Activity: The entire listing that follows must be repeated exactly, pictures excluded.

Collected data section start

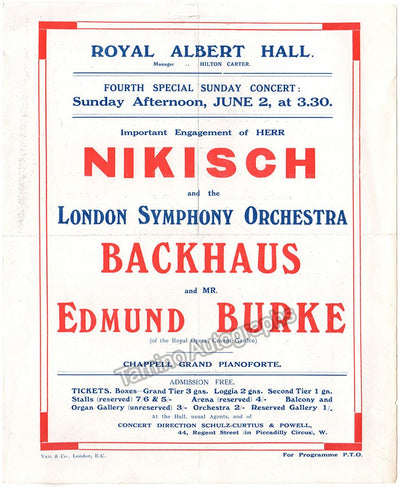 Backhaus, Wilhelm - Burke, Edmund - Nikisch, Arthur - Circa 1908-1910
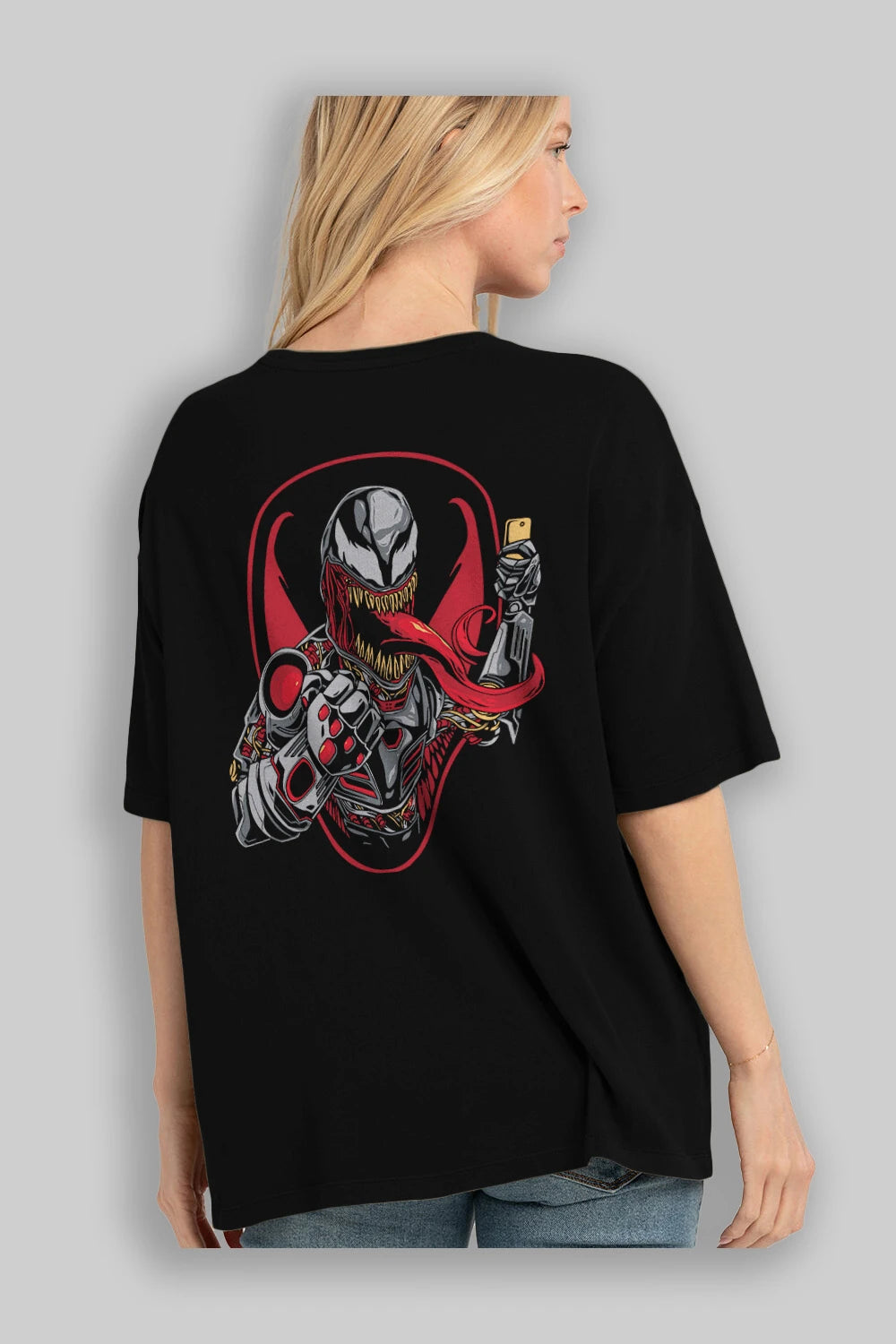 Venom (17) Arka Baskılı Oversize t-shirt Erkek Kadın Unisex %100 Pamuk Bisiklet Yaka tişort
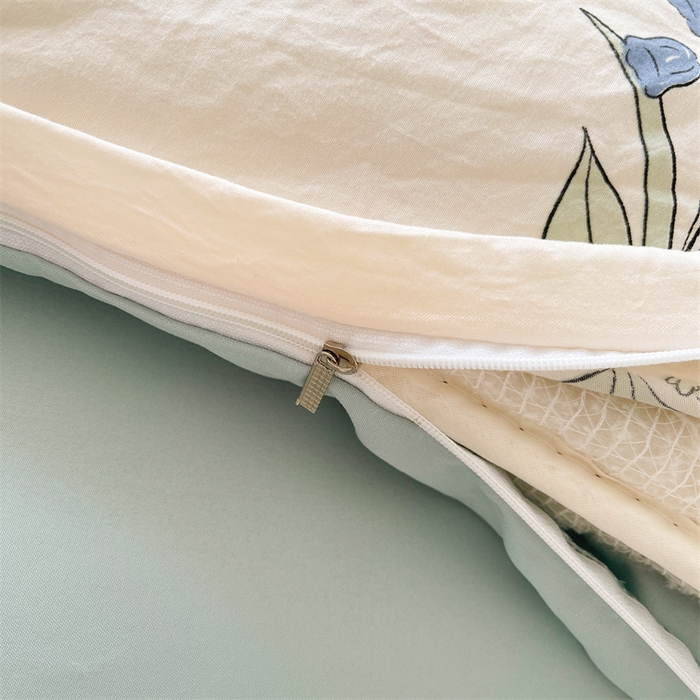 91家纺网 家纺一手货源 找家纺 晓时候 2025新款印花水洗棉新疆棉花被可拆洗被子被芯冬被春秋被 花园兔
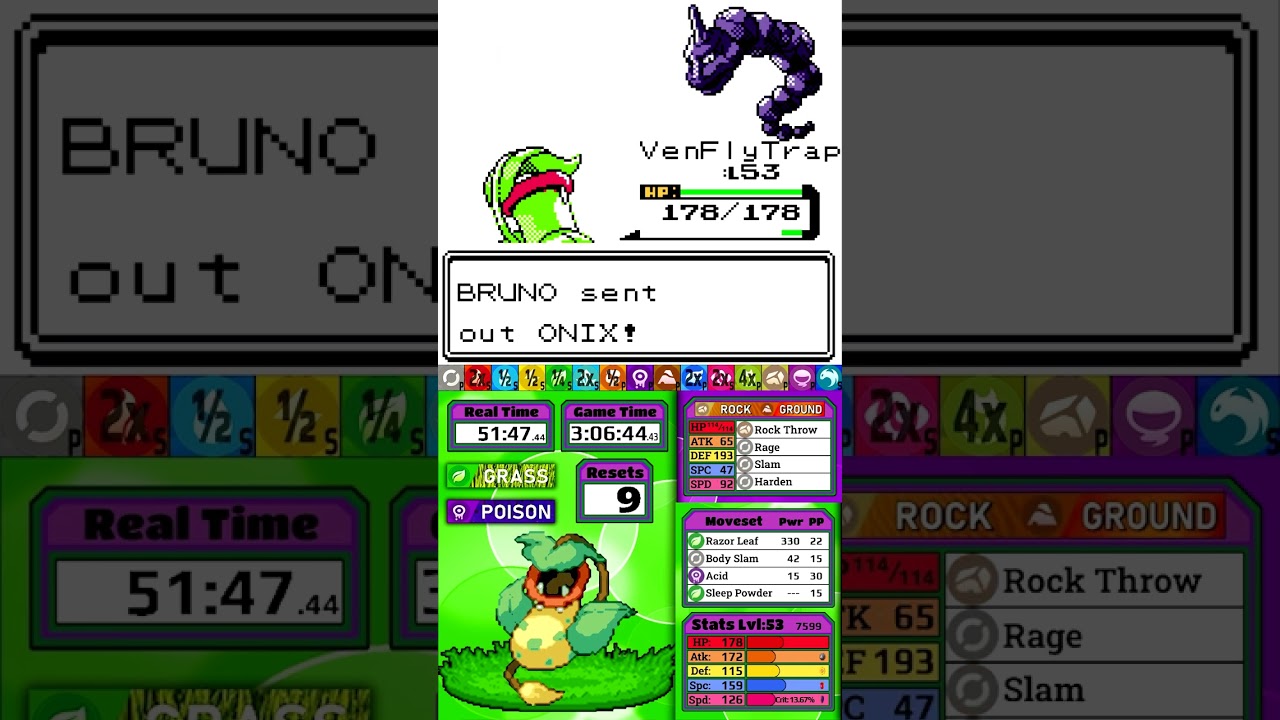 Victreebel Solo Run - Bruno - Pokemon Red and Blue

Collected data section end

Task result:
 Backhaus, Wilhelm - Burke, Edmund - Nikisch, Arthur - Circa 1908-1910
 Venom (17) Arka Baskılı Oversize t-shirt Erkek Kadın Unisex %100 Pamuk Bisiklet Yaka tişort
 91家纺网 家纺一手货源 找家纺 晓时候 2025新款印花水洗棉新疆棉花被可拆洗被子被芯冬被春秋被 花园兔
 Victreebel Solo Run - Bruno - Pokemon Red and Blue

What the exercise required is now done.